The case pits photographer Stephanie Sinclair against the tech website Mashable. When Mashable wanted to include Sinclair’s photo in an article, they offered her $50 to include it. She declined but Mashable embedded the image from her Instagram account instead. This prompted the lawsuit but the judge dismissed the case claiming that Mashable had obtained a sub-license through the Instagram terms of service.
However, since that decision, Instagram has come forward to clarify that its terms of service do not grant sub-licenses to those wishing to embed content and that those embedding images still need to get permission. As a result, Sinclair asked the judge to reconsider and the case has now been reinstated. According to the decision, the Instagram terms of service are “ambiguous” in this area and there is a need to look at the issue more closely.
2: ‘Enola Holmes’ Netflix Movie At The Center Of New Copyright, Trademark Infringement Lawsuit By Sir Arthur Conan Doyle Estate
Next up today, Bryan Sullivan at Forbes reports that the estate of Sir Arthur Conan Doyle has filed a lawsuit against Netflix and others connected with the upcoming film Enola Holmes over alleged copyright and trademark infringement.
Much of the character and story of Sherlock Holmes has lapsed into the public domain. However, the lawsuit claims that the film pulls from elements later in the Holmes stories that are still protected by copyright. This includes a “warmer” version of the character that appeared in later stories. Specifically, the lawsuit focuses on Holmes’ emotions and how the human side of the character evolved in stories that are still copyright-protected.
In addition to the copyright claims, the estate is also claiming trademark infringement. However, those will likely have an uphill battle due to a 2003 Supreme Court decision that prevented trademark claims on public domain works.

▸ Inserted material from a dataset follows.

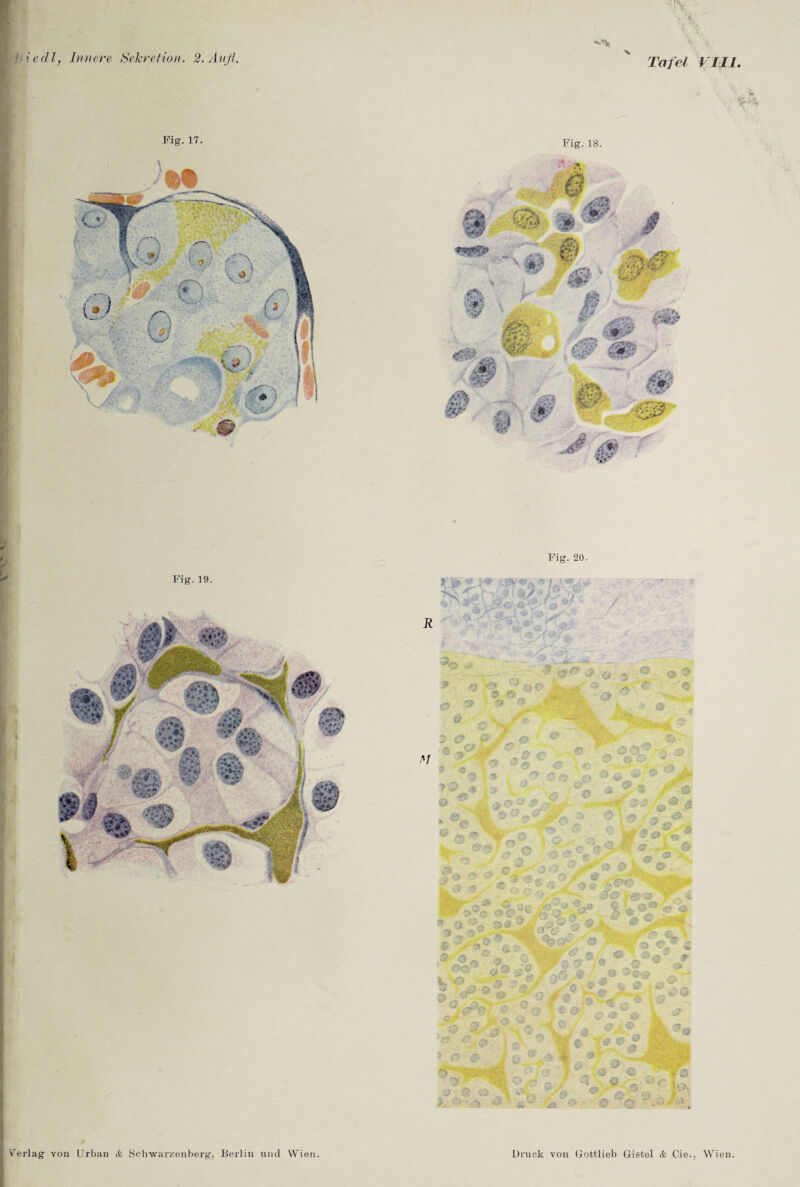 > Fig. 17. Tafel VIII. Fig.18. Fig.19. r 4 pE .- . .V.. ,«*-■ & © -3 1 J* _ • -*v ^ <**i , • , ... » /»/ 3 <P . £> “ ^ ** $ (js V' a ^ 1 <3 ,** rf» » -fi ' ••• ® • 'i -*' 5 '<aÄ t L'->. '■ S© .-, '•' «x >. ci> ® i* ; J ,, * * # ■» # Zf.tß. 'S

Finally today, Aja Romano at Vox reports that, despite multiple reports that the lawsuit against the Internet Archive could be a lethal blow for the organization, the lawsuit is both limited in terms of what it aims to restrict the organization from doing and the damages it seeks.
The Internet Archive was sued on June 1st after the launch of the “National Emergency Library”, which made millions of ebooks available for unlimited digital lending. The Internet Archive has long claimed that, since it owns physical copies of the book, it has the right to lend digital versions of those books. However, with the National Emergency Library it took its debatable theory to an extreme by lending out books without restrictions, including lending unlimited copies of the books regardless of the number they own.
Several reports have made it seem as if the Internet Archive could be ruined financially by the lawsuit with 1.4 million titles and a potential maximum damages of $150,000 per work. However, only 127 books are actually involved in the lawsuit, with maximum damages of just $19 million. That’s an amount equal to about one year’s operating revenue for the organization and even that number is highly unlikely. The lawsuit is not seeking to end the Internet Archive’s preservation initiatives, only the practice of digital lending.